The New Zealand dollar rose as high as 82.13 US cents from 81.64 cents yesterday at 5pm. It traded at 81.73 just after 8am.
ECB board member Benoit Coeure indicted the bank may buy Spanish debt, helping ease concerns about Europe’s sovereign debt crisis. He said investors in Spanish bonds were unfairly assessing the reforms undertaken by the government and the ECB still retains the ability to buy the bonds of EU nations. The kiwi rose as high as 62.53 euro cents from 62.38 cents yesterday, and traded at 62.36 cents at 8am.
“The European situation is a lot of hot air about nothing – once the ECB step in it will make pretty hard for these economies to back into a corner,” said Stuart Ive, currency strategist at HiFX. “This market is ranging and it is reacting off what is put in front of it – the New Zealand dollar is still looking for direction.”
In its latest monthly review of the US economy, the Beige Book, the Fed said the economy maintained growth in all 12 of the central bank’s regions. Manufacturing, hiring and retail sales all showed signs of strength even amid rising fuel prices.
“The New Zealand dollar is doing the see-saw trend - a little bit of selling came in after the Beige Book,” Ive said.
The comments from the ECB and the Fed’s Beige Book underpinned investor sentiment, which was already upbeat after better-than-expected earnings results from the world’s second-biggest aluminium producer Alcoa. Stocks on Wall Street gained with the Standard & Poor’s 500 index rising 0.7 percent to 1368.71.
At Federal Open Market Committee’s March meeting, policy makers said it will hold off increasing monetary accommodation unless the US economic expansion falters or prices rise at a rate slower.
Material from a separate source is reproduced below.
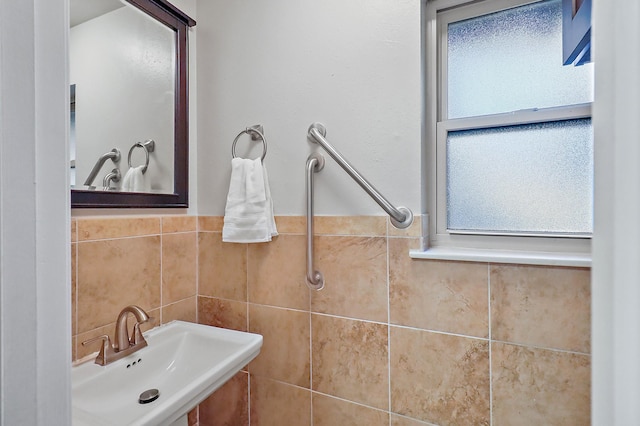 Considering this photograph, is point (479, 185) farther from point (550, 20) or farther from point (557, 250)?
point (550, 20)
In January, the Fed pledged to keep interest rates near zero and 0.25 percent until at least end of 2014.
In Australia, the focus will be on inflation and employment numbers set for release today.
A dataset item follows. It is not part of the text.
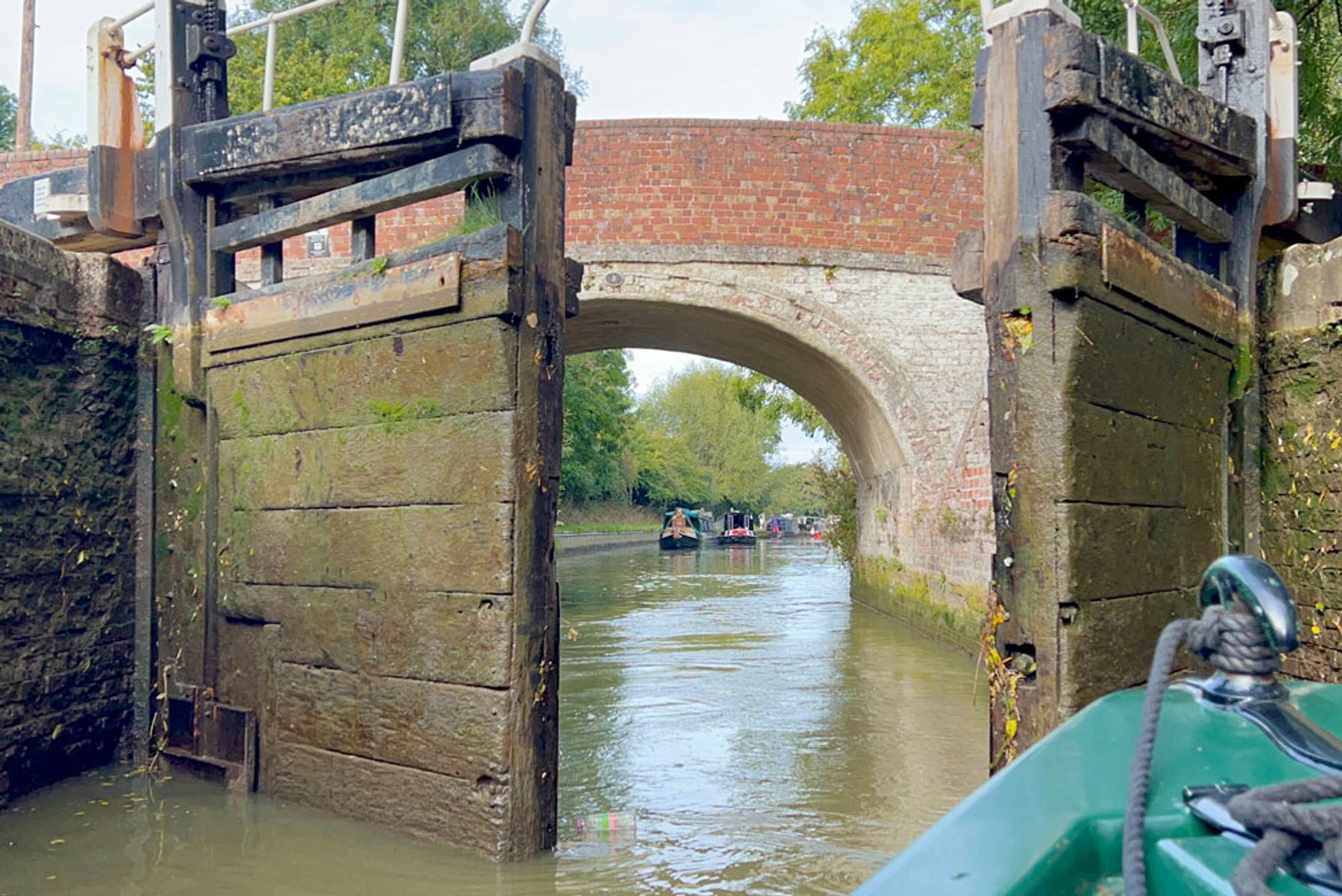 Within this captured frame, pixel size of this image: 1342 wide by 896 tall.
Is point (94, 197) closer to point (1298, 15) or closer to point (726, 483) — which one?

New Zealand’s accommodation survey for February and electronic card transactions for March are both scheduled for release by Statistics New Zealand today.
The New Zealand dollar was little changed on 79.31 Australian cents from 79.35 cents yesterday. The kiwi fell to 51.35 British pence from 51.44 pence. It rose to 66.09 yen from 65.98 yen.
The trade weighted index was little changed on 72.99 from 73.01.